Date: Thu, 20 Apr 2006 11:26:25 -1000
Reply-To: Bob Schacht <schacht@hawaii.edu>
Sender: "SPSSX(r) Discussion" <SPSSX-L@LISTSERV.UGA.EDU>
From: Bob Schacht <schacht@hawaii.edu>
Subject: Re: Combining categories
In-Reply-To: <5CFEFDB5226CB54CBB4328B9563A12EE045271A6@hqemail2.spss.com>
Content-type: text/plain; charset=us-ascii; format=flowed
At 02:26 AM 4/20/2006, Peck, Jon wrote:
>To go back to the original question, I surmise that what is being asked
>for is a canned transformation that would recode together small category
>values into a new variable, optionally respecting an ordinality property,
>and combining the value labels of the merged categories. It would need to
>work off of an absolute or percentage threshold for the meaning of
>small. If ordinal, I suppose it would merge values into the next or
>previous category while if not ordinal, it might create one "other"

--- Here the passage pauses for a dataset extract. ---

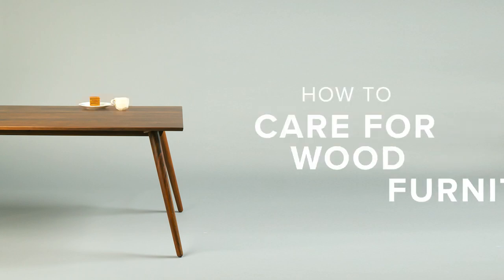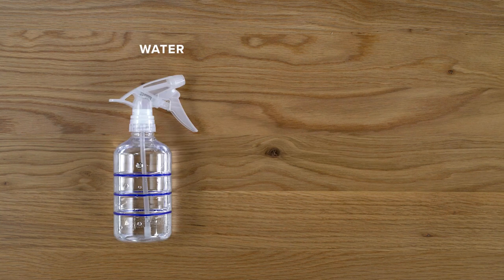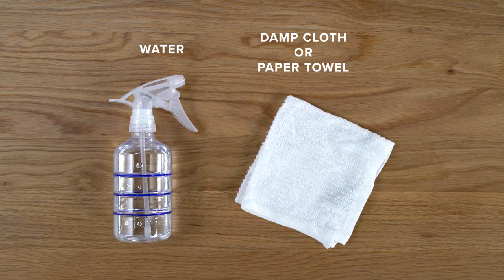This article presents how to care for wood furniture. Here's what you'll need: water and a clean damp cloth.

>category with all of these together.
>
>Have I got that right?
Jon,
Thanks for response. Unfortunately you don't have it quite right. Here are
the actual categories:
EDUC_LVL
'0' 'No formal school'
'1' 'Grades 1-8'
'2' 'Grades 9-12 no diploma'
'3' 'Spec Ed Cert/Diploma'
'4' 'H.S. Grad or GED'
'5' 'Post-secondary, no degree'
'6' 'Assoc degree/VocTech Cert'
'7' 'Bachelors Degree'
'8' 'Masters or more'/
It is presently coded as a string variable, and is mostly ordinal, except
that category '3' is really an alternative branch. Some will argue that it
is "the same as" graduating from HS or getting a GED; Others will argue
that it's not even
on par with Grade 12, even without a diploma. Also, if someone has 3 years
of college and then drops out before getting a degree, is that "less than"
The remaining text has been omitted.